Jakarta, CNBC Indonesia - Sejak meluncurkan ChatGPT, OpenAI memang berkembang pesat. Namun perusahaan harus menghadapi masalah baru, hanya sedikit orang yang mau berlangganan layanan berbayar.
Perusahaan milik Sam Altman itu memiliki lebih dari 700 juta pengguna selama tiga tahun setelah ChatGPT dirilis. Namun ini tak berarti apa-apa karena hanya sedikit orang yang mau mengeluarkan uang untuk berlangganan.
Studi dari Menlo Ventures mencatat hanya 3% konsumen yang mau membayar langganan layanan AI. Survei pada 5000 pengguna teknologi itu menyebut masih banyak yang perlu dilakukan untuk mengadopsi AI dalam kehidupan sehari-hari.
Sedikitnya orang yang mau membayar untuk AI kemungkinan juga berdampak pada OpenAI. Perusahaan diketahui memiliki banyak pekerjaan untuk AI dan butuh uang tak sedikit, belum lagi kerugian yang dialami, OpenAI misalnya harus merugi miliaran dolar setiap tahunnya.
Selama sembilan bulan terakhir, OpenAI mengatakan akan menghabiskan US$60 miliar setahun untuk komputasi Oracle. Sementara bisnis pusat datanya butuh US$18 miliar (Rp 295,4 triliun) dan membeli chip hingga US$10 miliar (Rp 164,1 triliun).
Untuk membiayai itu, Wall Street Journal mengatakan OpenAI perlu ratusan juta orang membayar lebih banyak uang untuk alat dan layanannya, dikutip Sabtu (13/9/2025).

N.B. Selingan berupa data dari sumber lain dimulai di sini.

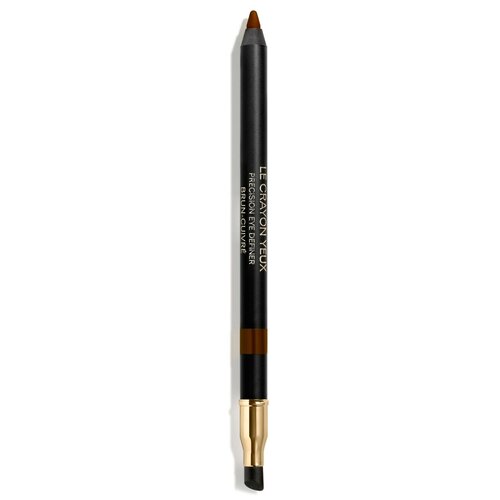 Chanel Карандаш для глаз Le Crayon Yeux оттенок 66 brun cuivre 7779₽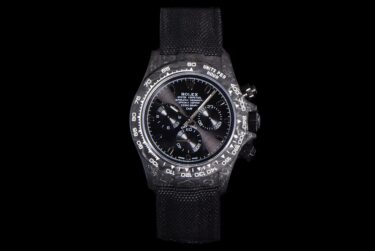 ROLEX Cosmograph Daytona 7750Movement DiW  数量限定品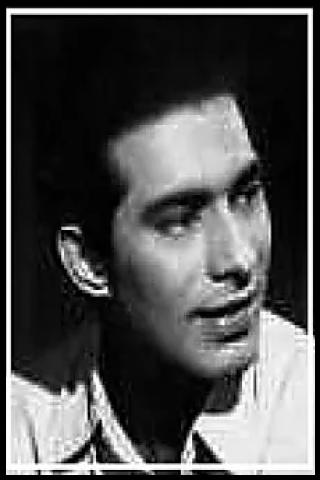 Famous People with surname Chakravarty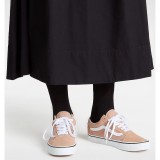 VANS OLD SKOOL COLOR THEORY VN000D6WE2V-E2V Beige Image 3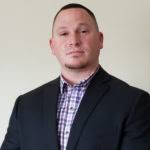 Executive Committee Members and Officers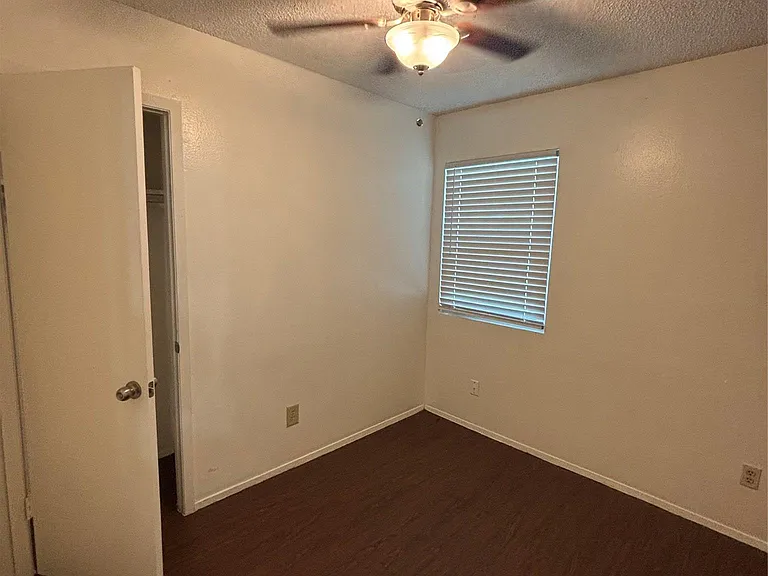 3462 Willowrun Dr #C — Photo 13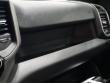 2027 Ram 3500 TRADESMAN CREW CAB 4X4 8' BOX Pickup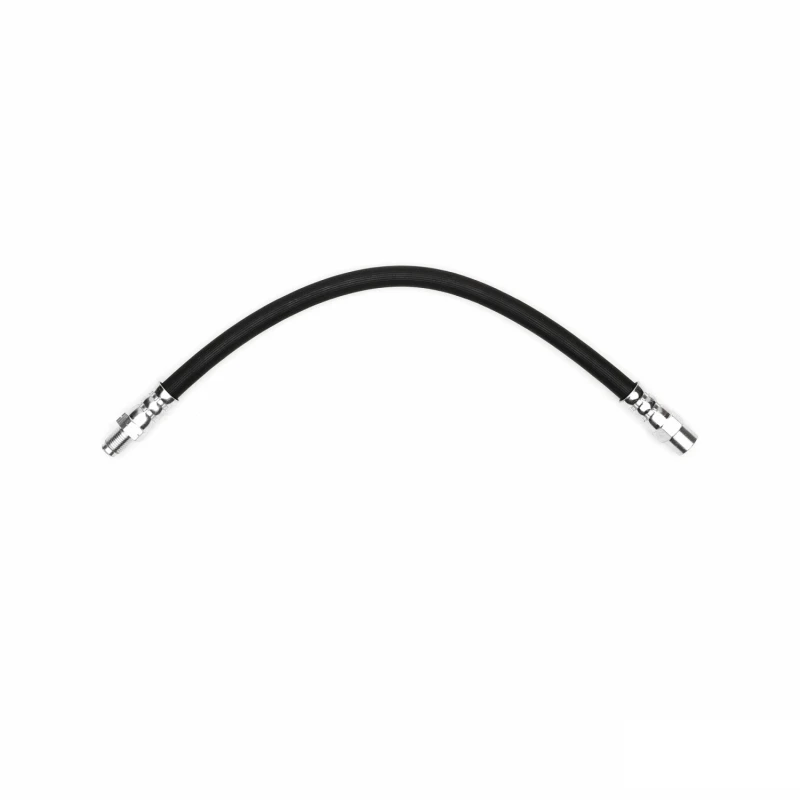 DFC 74-78 Volkswagen Rabbit Front Brake Hose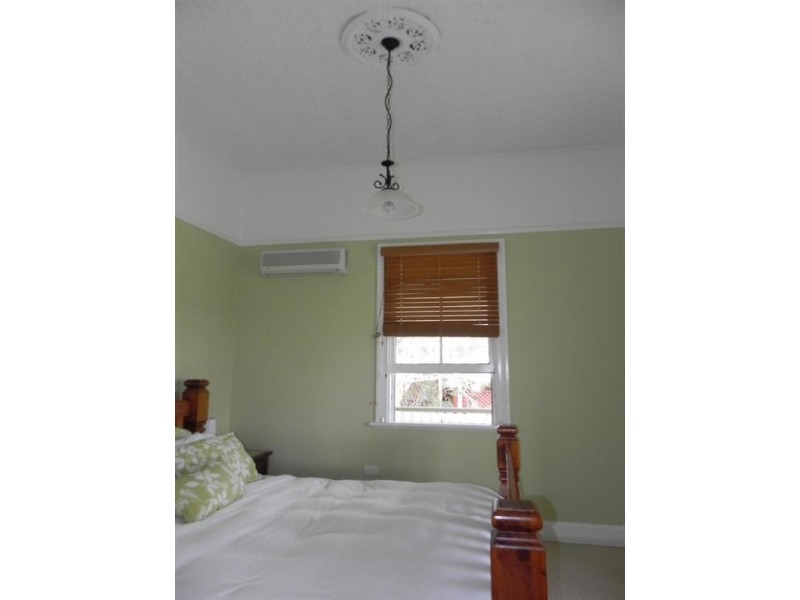 42 OShea Avenue, Southbrook QLD 4363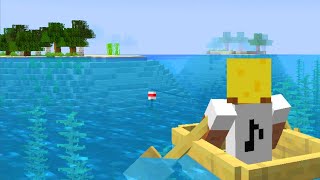 5 Ways To Relax In Minecraft screenshot 5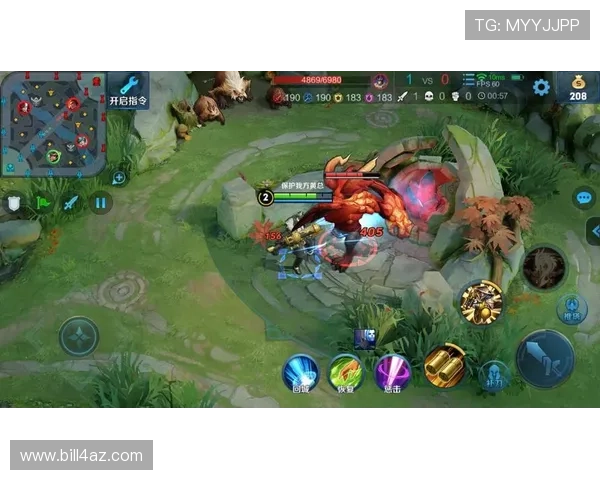 欧博登录入口官方网站下载常用技巧，提升您的登录速度与游戏流畅度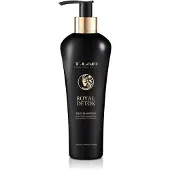 T-Lab Professional Royal Detox Duo Shampoing 300 ml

Ke depannya juga tak mudah. Karena kerugian tahunan OpenAI diperkirakan akan terus meningkat.
Altman mengatakan setidaknya perusahaan itu akan merugi hingga 2029 sebesar US$44 miliar (Rp 722,3 triliun). Saat itu baru OpenAI akan menghasilkan laba.
Bukan hanya itu, OpenAI menghadapi masalah lain. Salah satunya mengubah struktur perusahaan dari nirlaba menjadi komersial pernuh.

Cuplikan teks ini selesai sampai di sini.